Im Fall des Soldaten, der vor Weihnachten erschossen in Nordafghanistan aufgefunden wurde, kommt der wahre Unfallhergang erst jetzt - auch durch Ermittlungen der Staatsanwaltschaft - ans Licht. "Aus der Waffe eines anderen Soldaten soll sich ein Schuss gelöst haben", sagte der ermittelnde Oberstaatsanwalt aus Gera, Thomas Villwock. Inzwischen gibt es Berichte, ein Soldat habe bei Spielereien mit seiner Pistole auf den Hauptgefreiten gezielt und abgedrückt. Der Schuss habe sich gelöst, als sich Soldaten ihre Waffen "vor die Nasen" gehalten hätten, berichtete die "Bild"-Zeitung" unter Berufung auf den Ermittlungsbericht der Feldjäger zu dem Vorfall. Ein Sprecher des Einsatzführungskommandos der Bundeswehr in Potsdam bestätigte diese Darstellung nicht. Das Verteidigungsministerium hat Mitte Januar den hauseigenen Untersuchungsbericht der Staatsanwaltschaft Gera übermittelt. "Es war bereits am zweiten Tag bekannt, dass der Schuss sich mutmaßlich aus der Waffe eines zweiten Soldaten gelöst hatte", sagte Verteidigungsminister zu Guttenberg gestern. "Das haben wir dann auch öffentlich bekannt gemacht."

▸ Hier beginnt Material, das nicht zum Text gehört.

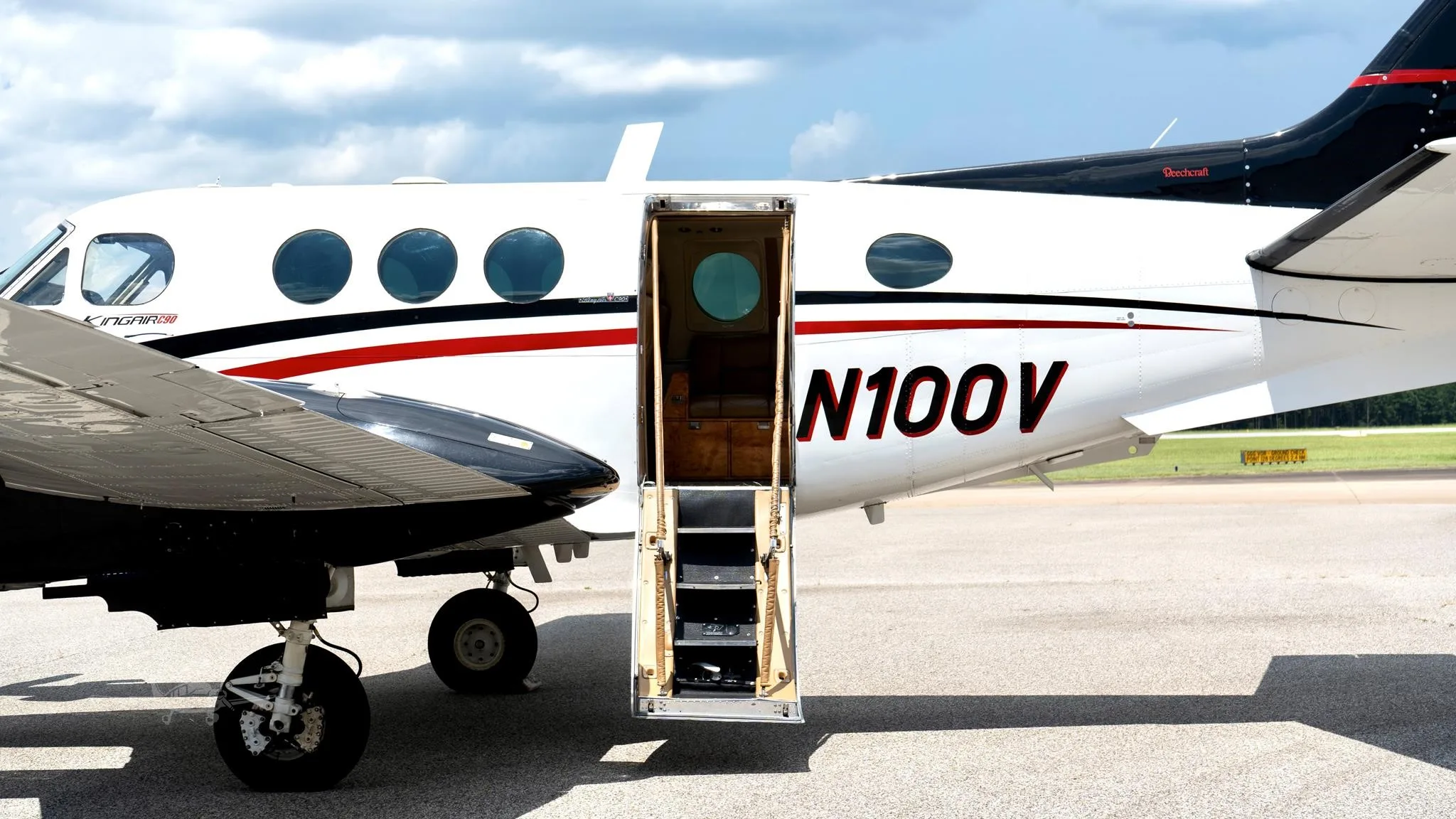 Exterior view of a 1978 BEECHCRAFT KING AIR C90, N100V.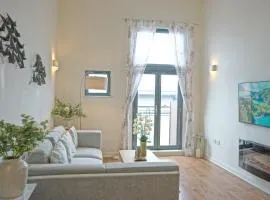 Soak up the Light at a Soothing, Stylish Apartment in Swansea Marina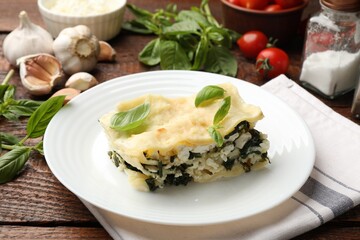 Piece of tasty vegetarian lasagna and ingredients on wooden table, closeup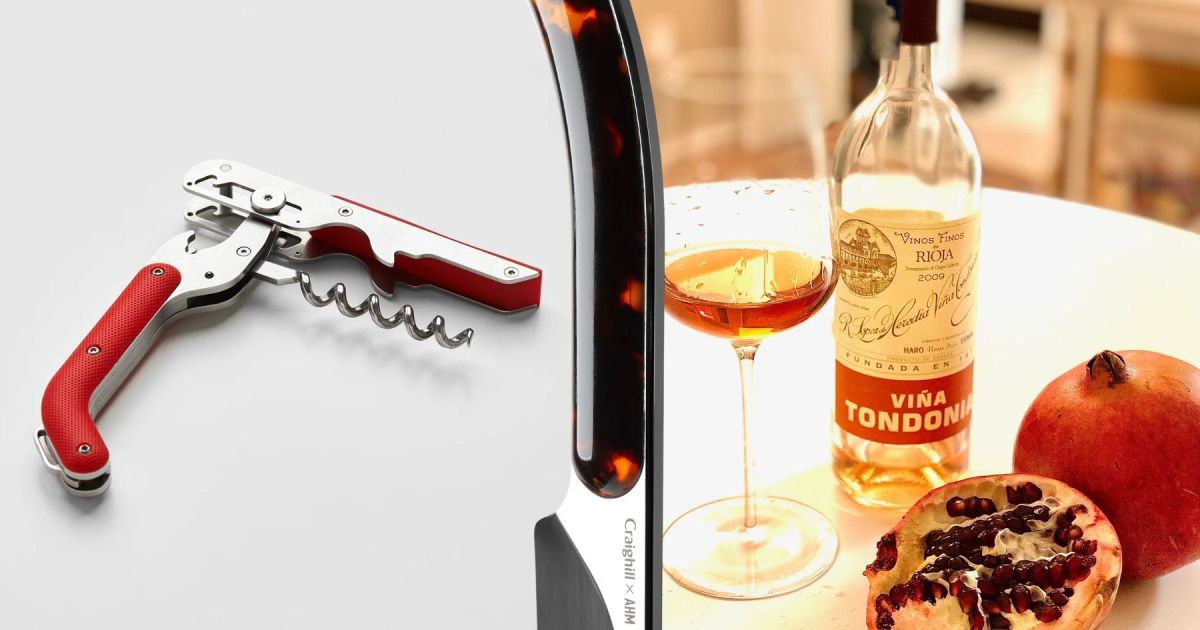 A wine key with a red handle on the left, a Champagne saber in the middle, and on the right a table with a bottle of wine, a wine glass and a pomegranate cut in half to show the seeds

Ein weiteres wichtiges Detail bestätigte ein Sprecher des Ministeriums dem Abendblatt: Die Fälle von geöffneter Feldpost kam in derselben Region vor, in der auch der Soldat im Dezember ums Leben kam. Es müsse jetzt unbedingt geklärt werden, ob es da einen Zusammenhang zwischen den beiden Vorfällen gebe, sagte Susanne Kastner (SPD) dem Abendblatt. Sie ist Vorsitzende des Verteidigungsausschusses im Bundestag. Und sie übt scharfe Kritik an der Informationspolitik des Verteidigungsministeriums. "Das Ministerium hat den Verteidigungsausschuss nicht nur falsch informiert, sondern verschleppt und verschweigt immer wieder Informationen", sagte Kastner. Seit den Vorfällen in Afghanistan und dem Tod auf der "Gorch Fock" hätte schon viel Aufklärungsarbeit geleistet werden können, ergänzte sie.
Auch die Grünen fordern vom Verteidigungsminister "unverzügliche Aufklärung". Er müsse transparent darlegen, wie all das passieren konnte, und glaubwürdig die notwendigen Konsequenzen daraus ziehen, sagte die Parteivorsitzende Claudia Roth dem Abendblatt. "Es ist doch bemerkenswert, dass der Wehrbeauftragte offenbar mehr Informationen über den Zustand der Bundeswehr hat als der Verteidigungsminister selbst", hob sie hervor. Es bleibt vorerst unklar, warum Briefe von Soldaten aus dem afghanischen Feldlager Masar-i-Scharif sichtbar geöffnet wurden und teils unvollständig in Deutschland eintrafen. Auch ein möglicher Zusammenhang zum Tod des Soldaten lässt sich nicht feststellen.
Zu Guttenberg hatte am Mittwoch nach einem Hinweis des Wehrbeauftragten Königshaus (FDP) Ermittlungen eingeleitet. Königshaus hatte die Hinweise während einer Afghanistan-Reise erhalten. Zahlreiche Soldaten des Ausbildungs- und Schutzbataillons berichteten über geöffnete Post.